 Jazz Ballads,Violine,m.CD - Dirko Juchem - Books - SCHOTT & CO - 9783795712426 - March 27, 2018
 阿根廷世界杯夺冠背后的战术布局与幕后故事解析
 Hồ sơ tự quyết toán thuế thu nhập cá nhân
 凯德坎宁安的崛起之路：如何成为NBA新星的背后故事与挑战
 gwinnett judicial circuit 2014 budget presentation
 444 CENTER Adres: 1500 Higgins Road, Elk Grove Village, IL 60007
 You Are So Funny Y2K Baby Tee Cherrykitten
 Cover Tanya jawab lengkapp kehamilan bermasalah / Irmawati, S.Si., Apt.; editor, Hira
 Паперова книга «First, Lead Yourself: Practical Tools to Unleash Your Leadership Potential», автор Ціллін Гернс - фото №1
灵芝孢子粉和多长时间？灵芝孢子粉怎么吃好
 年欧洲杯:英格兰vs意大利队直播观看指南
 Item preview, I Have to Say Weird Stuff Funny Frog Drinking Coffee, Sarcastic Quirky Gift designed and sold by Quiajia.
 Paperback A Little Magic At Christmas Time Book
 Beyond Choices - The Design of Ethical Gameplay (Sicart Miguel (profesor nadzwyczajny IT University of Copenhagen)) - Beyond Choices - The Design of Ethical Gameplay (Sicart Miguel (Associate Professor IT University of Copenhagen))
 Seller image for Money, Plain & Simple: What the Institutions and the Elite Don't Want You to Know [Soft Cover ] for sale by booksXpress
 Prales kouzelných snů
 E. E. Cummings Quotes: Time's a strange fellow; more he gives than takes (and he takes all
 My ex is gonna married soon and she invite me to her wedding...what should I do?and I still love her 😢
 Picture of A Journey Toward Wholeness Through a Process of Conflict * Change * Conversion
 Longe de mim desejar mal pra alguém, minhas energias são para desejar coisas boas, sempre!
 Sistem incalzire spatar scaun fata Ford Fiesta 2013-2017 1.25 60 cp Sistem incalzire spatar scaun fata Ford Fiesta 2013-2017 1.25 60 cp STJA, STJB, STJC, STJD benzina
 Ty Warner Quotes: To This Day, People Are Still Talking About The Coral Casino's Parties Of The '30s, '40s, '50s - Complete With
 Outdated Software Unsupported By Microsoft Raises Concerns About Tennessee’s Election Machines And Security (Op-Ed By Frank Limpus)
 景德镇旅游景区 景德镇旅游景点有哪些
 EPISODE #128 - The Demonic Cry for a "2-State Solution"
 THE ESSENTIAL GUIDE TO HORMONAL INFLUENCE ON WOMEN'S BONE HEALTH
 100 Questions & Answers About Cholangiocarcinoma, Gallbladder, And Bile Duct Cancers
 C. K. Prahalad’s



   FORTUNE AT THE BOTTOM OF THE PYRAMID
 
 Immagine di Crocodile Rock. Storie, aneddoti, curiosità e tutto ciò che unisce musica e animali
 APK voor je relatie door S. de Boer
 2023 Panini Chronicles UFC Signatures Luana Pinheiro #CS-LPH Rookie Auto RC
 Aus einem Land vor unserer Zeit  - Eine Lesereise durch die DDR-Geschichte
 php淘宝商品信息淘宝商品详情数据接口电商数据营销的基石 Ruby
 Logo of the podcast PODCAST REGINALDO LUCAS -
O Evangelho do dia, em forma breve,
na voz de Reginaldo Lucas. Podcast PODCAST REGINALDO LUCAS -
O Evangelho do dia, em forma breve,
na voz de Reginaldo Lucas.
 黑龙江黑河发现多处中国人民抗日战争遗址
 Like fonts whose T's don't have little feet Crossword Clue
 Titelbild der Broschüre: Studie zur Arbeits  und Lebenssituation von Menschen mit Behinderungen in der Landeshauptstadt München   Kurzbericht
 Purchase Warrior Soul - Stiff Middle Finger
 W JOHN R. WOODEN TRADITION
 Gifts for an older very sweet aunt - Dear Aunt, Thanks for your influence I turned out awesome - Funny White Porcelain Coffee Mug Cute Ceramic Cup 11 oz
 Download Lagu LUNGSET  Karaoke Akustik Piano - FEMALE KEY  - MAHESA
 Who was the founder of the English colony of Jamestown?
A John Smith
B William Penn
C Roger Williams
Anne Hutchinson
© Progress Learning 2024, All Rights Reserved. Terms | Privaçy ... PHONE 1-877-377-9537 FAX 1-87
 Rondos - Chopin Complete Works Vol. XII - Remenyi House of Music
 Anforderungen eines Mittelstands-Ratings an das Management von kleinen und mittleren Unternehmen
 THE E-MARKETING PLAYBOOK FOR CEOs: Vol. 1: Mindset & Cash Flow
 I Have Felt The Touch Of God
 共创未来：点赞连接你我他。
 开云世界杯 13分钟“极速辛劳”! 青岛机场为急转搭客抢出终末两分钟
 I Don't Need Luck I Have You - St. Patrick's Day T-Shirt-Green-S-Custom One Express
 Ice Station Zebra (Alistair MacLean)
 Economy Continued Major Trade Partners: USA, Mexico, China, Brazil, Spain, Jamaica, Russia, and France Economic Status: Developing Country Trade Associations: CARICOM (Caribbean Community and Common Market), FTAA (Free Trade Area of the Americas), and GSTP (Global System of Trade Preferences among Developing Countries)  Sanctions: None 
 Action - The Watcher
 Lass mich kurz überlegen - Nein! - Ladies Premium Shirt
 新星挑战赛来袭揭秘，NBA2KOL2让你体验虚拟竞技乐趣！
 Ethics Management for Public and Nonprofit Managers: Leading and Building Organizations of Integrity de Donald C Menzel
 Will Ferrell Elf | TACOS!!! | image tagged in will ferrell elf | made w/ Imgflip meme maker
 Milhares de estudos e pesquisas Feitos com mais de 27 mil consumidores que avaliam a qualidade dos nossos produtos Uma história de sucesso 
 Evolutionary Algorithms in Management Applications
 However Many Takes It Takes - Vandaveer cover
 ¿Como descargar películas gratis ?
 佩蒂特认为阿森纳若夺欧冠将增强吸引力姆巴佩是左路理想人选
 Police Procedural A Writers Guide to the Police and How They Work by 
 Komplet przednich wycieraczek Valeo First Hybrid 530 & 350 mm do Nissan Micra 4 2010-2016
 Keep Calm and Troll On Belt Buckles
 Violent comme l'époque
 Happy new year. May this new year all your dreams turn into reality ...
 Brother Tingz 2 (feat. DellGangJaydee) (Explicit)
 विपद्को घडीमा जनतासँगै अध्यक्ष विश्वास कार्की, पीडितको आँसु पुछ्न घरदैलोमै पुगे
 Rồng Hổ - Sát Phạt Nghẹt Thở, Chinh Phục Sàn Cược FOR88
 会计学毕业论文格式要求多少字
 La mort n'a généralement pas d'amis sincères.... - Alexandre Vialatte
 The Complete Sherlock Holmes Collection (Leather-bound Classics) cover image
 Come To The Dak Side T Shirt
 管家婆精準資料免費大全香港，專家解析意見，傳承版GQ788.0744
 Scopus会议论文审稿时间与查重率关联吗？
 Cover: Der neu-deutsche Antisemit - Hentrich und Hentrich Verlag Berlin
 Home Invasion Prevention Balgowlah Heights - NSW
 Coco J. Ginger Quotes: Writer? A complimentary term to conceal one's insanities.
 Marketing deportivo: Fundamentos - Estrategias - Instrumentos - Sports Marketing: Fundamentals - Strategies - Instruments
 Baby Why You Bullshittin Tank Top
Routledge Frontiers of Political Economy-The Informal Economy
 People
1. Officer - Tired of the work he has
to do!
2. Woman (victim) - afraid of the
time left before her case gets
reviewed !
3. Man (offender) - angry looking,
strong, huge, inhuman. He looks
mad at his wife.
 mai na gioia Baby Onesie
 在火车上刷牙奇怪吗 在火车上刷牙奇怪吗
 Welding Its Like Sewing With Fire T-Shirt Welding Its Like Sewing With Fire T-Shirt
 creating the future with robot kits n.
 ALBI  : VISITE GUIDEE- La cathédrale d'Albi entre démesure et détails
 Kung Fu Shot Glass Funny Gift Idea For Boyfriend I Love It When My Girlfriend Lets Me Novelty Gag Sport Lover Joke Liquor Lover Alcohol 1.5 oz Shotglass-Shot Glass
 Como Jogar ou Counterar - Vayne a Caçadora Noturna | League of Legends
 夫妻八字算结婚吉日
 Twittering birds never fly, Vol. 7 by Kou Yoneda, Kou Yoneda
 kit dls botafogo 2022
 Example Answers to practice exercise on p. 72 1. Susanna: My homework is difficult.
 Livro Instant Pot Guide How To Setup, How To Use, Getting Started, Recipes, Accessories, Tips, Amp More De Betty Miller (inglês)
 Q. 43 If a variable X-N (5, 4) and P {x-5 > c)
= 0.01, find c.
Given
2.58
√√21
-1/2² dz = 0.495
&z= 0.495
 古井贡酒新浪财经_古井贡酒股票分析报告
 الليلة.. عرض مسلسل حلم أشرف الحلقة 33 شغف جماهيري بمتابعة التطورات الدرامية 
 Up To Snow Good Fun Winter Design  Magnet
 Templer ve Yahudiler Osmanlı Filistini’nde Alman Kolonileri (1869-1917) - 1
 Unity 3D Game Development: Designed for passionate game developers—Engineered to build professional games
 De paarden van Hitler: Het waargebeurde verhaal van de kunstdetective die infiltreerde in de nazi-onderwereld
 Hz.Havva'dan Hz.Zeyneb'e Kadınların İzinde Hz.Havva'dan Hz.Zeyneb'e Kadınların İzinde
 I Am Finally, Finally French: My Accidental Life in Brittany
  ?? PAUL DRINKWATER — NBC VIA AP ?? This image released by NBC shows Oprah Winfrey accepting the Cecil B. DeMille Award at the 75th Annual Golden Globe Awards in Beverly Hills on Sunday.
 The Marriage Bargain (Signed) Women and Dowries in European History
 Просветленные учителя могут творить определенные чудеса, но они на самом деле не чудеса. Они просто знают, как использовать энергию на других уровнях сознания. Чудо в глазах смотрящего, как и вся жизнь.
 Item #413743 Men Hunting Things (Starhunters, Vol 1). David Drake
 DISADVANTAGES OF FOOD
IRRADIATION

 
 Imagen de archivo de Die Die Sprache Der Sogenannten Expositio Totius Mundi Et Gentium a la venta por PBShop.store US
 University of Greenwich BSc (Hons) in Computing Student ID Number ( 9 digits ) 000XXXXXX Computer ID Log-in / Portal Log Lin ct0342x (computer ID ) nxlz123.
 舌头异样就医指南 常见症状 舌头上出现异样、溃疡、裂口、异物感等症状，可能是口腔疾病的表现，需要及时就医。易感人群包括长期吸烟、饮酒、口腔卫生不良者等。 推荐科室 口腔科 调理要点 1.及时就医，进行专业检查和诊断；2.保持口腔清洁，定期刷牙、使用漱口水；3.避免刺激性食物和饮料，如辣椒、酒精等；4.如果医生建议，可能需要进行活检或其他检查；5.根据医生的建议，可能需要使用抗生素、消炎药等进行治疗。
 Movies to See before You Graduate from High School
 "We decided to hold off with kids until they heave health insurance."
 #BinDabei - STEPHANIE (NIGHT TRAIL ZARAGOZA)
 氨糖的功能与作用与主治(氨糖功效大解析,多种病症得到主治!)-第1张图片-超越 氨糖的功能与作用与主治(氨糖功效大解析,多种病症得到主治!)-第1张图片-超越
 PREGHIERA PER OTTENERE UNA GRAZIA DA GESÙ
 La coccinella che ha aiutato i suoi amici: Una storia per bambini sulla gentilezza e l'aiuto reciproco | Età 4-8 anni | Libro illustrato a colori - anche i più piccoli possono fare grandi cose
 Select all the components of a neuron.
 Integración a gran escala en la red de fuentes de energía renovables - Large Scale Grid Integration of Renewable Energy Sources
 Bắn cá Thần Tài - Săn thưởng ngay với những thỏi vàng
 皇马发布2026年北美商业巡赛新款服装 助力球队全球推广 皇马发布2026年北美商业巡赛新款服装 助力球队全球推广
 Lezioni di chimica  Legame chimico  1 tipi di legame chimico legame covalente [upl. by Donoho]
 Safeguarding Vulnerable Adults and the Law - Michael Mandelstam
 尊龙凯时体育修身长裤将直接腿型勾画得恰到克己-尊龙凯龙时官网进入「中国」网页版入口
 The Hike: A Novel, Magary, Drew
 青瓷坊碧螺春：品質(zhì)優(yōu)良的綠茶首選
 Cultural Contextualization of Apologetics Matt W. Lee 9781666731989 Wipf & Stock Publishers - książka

- [TASK REQUIREMENTS]
Give back precisely the lines above that start at the line containing "B William Penn" and end at the line containing "Will Ferrell Elf | TACOS!!!", inclusive. No other lines belong in the output.

- [RESULT]
B William Penn
C Roger Williams
Anne Hutchinson
© Progress Learning 2024, All Rights Reserved. Terms | Privaçy ... PHONE 1-877-377-9537 FAX 1-87
 Rondos - Chopin Complete Works Vol. XII - Remenyi House of Music
 Anforderungen eines Mittelstands-Ratings an das Management von kleinen und mittleren Unternehmen
 THE E-MARKETING PLAYBOOK FOR CEOs: Vol. 1: Mindset & Cash Flow
 I Have Felt The Touch Of God
 共创未来：点赞连接你我他。
 开云世界杯 13分钟“极速辛劳”! 青岛机场为急转搭客抢出终末两分钟
 I Don't Need Luck I Have You - St. Patrick's Day T-Shirt-Green-S-Custom One Express
 Ice Station Zebra (Alistair MacLean)
 Economy Continued Major Trade Partners: USA, Mexico, China, Brazil, Spain, Jamaica, Russia, and France Economic Status: Developing Country Trade Associations: CARICOM (Caribbean Community and Common Market), FTAA (Free Trade Area of the Americas), and GSTP (Global System of Trade Preferences among Developing Countries)  Sanctions: None 
 Action - The Watcher
 Lass mich kurz überlegen - Nein! - Ladies Premium Shirt
 新星挑战赛来袭揭秘，NBA2KOL2让你体验虚拟竞技乐趣！
 Ethics Management for Public and Nonprofit Managers: Leading and Building Organizations of Integrity de Donald C Menzel
 Will Ferrell Elf | TACOS!!! | image tagged in will ferrell elf | made w/ Imgflip meme maker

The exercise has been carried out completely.